I'm not an expert for the vmwgfx code but in case of an error vmw_validation_revert() should be called an not vmw_kms_helper_validation_finish().
To me the patch looks correct. This path is explicitly for submission failure and does BO backoff plus vmw_validation_res_unreserve(ctx, true). The backoff=true branch skips committing dirty-state / backup-MOB changes, which is only correct if commands were not committed. Here the commands have already been submitted; only fence creation failed. So I think unlocking BO reservations without attaching a fence, then letting vmw_validation_done() keep taking the success path for resources is correct.
Ah! I would just avoid adding more TTM exec code dependencies.
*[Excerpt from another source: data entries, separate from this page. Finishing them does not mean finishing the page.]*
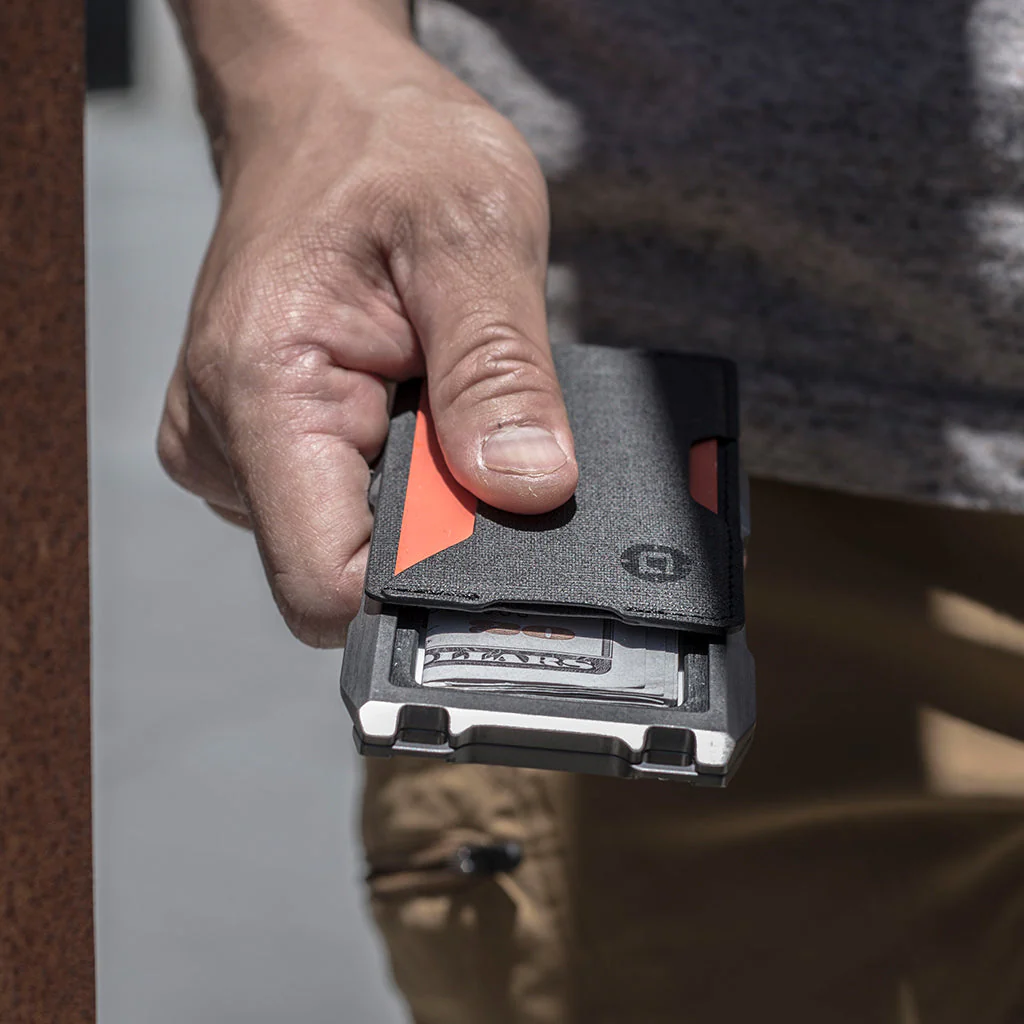 A10 ADAPT™ SINGLE POCKET WALLET - Image 13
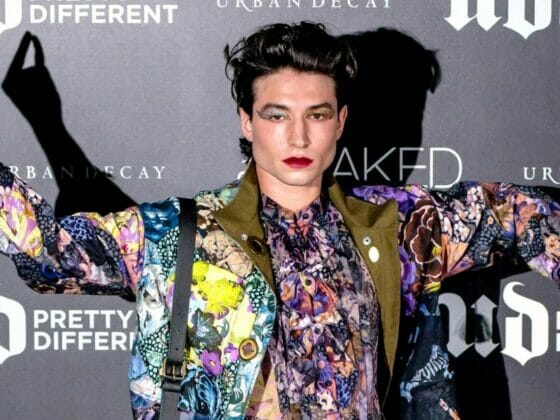 Pecah Rumah & Curi Minuman Beralkohol, Ezra Miller Akui Tidak Bersalah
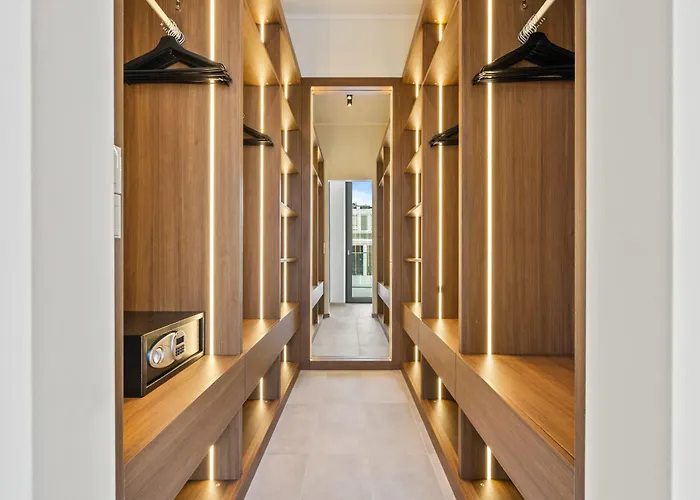 Voya Zenit Royal - Luxury Rooftop Views & Concierge *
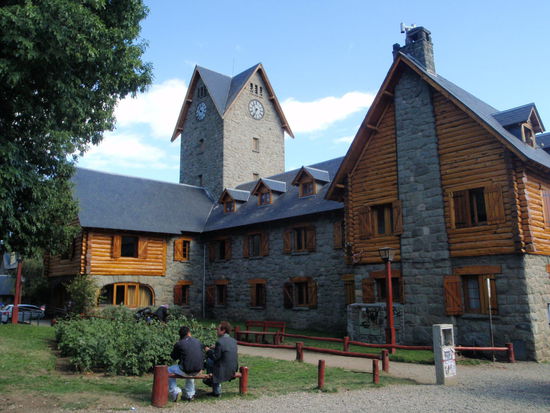 Bariloche - die Schweiz Argentinienes, im Sommer ist wandern angesagt, im Winter Skifahren. In vielen Restaurants werden Käse- und Schokoladenfondue angeboten.
Gott sei Dank fanden wir in Bariloche einen Foto -  Fachhändler (so etwas gibt es in Deutschland nur noch selten) der meine Kamera an einem Tag reparierte, welche Freude!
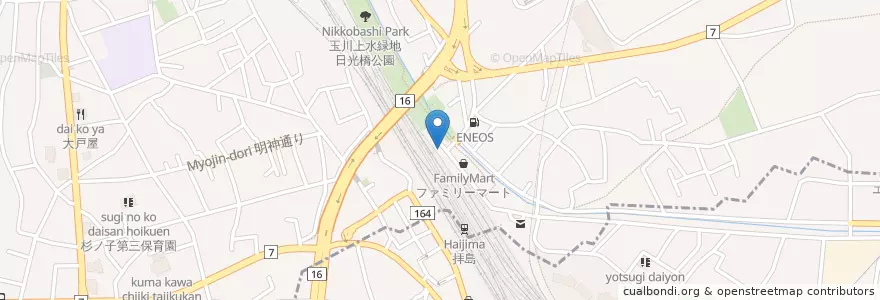 Mapa de ubicacion de サイクルシェアリングこぐまる en Япония, Токио, Фусса.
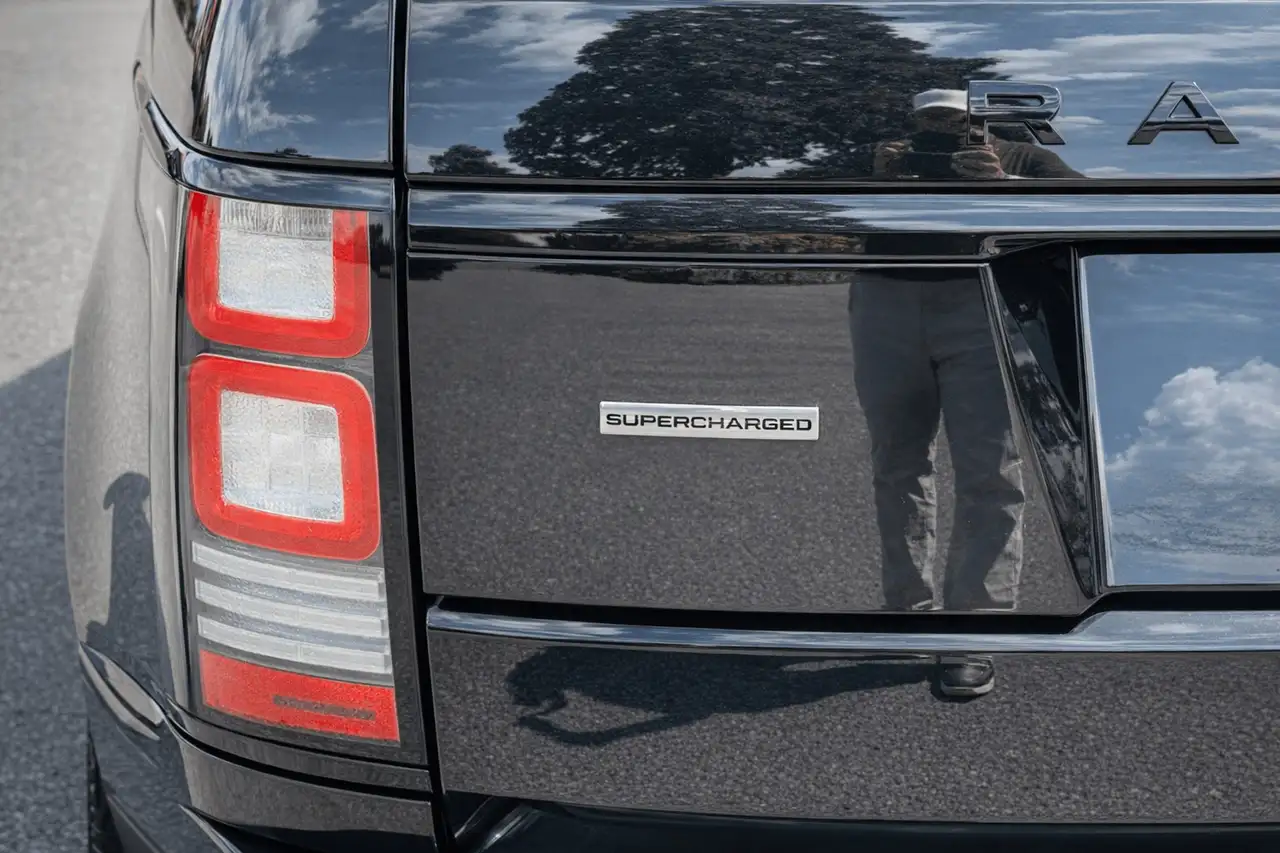 Land Rover Range Rover photo Land Rover Range Rover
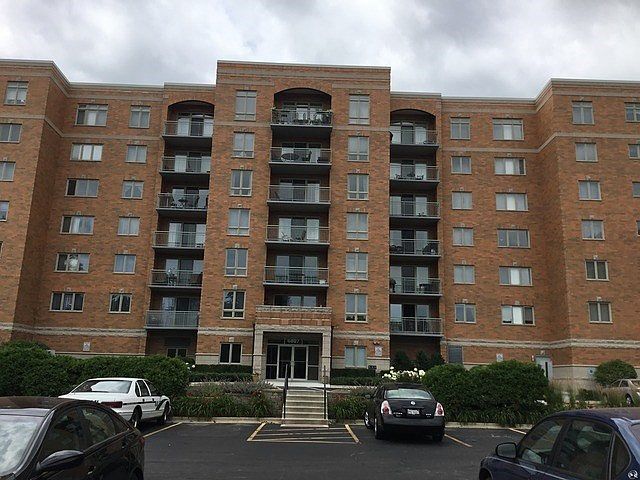 1st image of 6807 N Milwaukee Ave APT 602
We also have the always signaled stub fence for such use cases. How about that change here:
diff --git a/drivers/gpu/drm/vmwgfx/vmwgfx_execbuf.c b/drivers/gpu/drm/vmwgfx/vmwgfx_execbuf.c index e1f18020170a..8dcb8cd19e29 100644 --- a/drivers/gpu/drm/vmwgfx/vmwgfx_execbuf.c +++ b/drivers/gpu/drm/vmwgfx/vmwgfx_execbuf.c @@ -3843,7 +3843,7 @@ int vmw_execbuf_fence_commands(struct drm_file *file_priv, if (unlikely(ret != 0 && !synced)) { (void) vmw_fallback_wait(dev_priv, false, false, sequence, false, VMW_FENCE_WAIT_TIMEOUT);
*p_fence = NULL;
*p_fence = dma_fence_get_stub(); } return ret;
Yeah, that would be an ideal cleanup, but it needs a lot more work. The p_fence is a vmw_fence_obj so we'll need to write code that allows creation of vmw_fence_obj with a signaled dma_fence and then plumb that through the driver. We'll also have to change a bunch of places (especially in older kms code) in vmwgfx that treat null fence as "the device has already synchronized". It's the right path, but to fix this particular issue I'd be happy to take Vladimir patch for now and perhaps I'd ask Ian to put a proper cleanup on his todo.
z